Arty-Facts about Indian Handicrafts

  • How the value chain can really add value

    In continuation to my previous blog on 'Sustenance - what impacts it?', I've put down my views on how various challenges to sustenance such as high prices, low inputs on design & production processes etc can be tackled by various players in the value chain. 

    The government has to act quickly and save these endangered art forms by creating & developing markets (state handloom & handicraft corporations/ exhibitions/ fairs/ Trade shows) for these. It in turn has to buy from these artisans ensuring fair remuneration & livelihood generation.

    It has to actively employ qualified designers to train of artisans in product design development and innovation. Further, it needs to encourage start ups & young enterpreneurs in the handicraft sector to build capacity by sanctioning financial help.

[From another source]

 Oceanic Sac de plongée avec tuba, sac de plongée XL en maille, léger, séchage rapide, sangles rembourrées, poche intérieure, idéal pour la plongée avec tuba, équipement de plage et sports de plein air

    Middlemen who depend on this sector, need to ensure margins are profitable at the same time reasonable so that the end price is affordable & products continue to be relevant.

    The payment terms to the artisans have to be fair with provisions for advance payment to the artisans, help with regards to raw material sourcing, training in quality improvement & control, design inputs & finally a fair final price for the articles.

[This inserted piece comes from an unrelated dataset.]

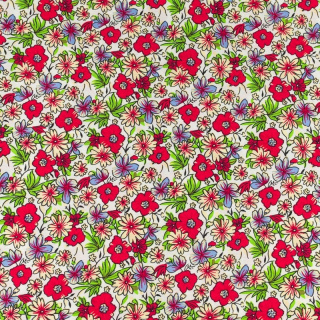 Látka viskózová ecru kvety 100% viskóza 0,5m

    Artisans will also first and foremost need to be more open to inputs on training & willing to accept changes in designs from traditional to contemporary as well as production methods that are technically superior with low rejection rates.



    Wherever possible they will need to move out of their comfort zones and look for marketing possibilities.



    They will also need to be more assertive in their negotiations with buyers & middlemen.



    And finally what can we as consumers do?

    We can and should continue to support these arts & crafts by being patrons, taking pride in our culture and supporting fair trade by agreeing to pay a fair price for these products.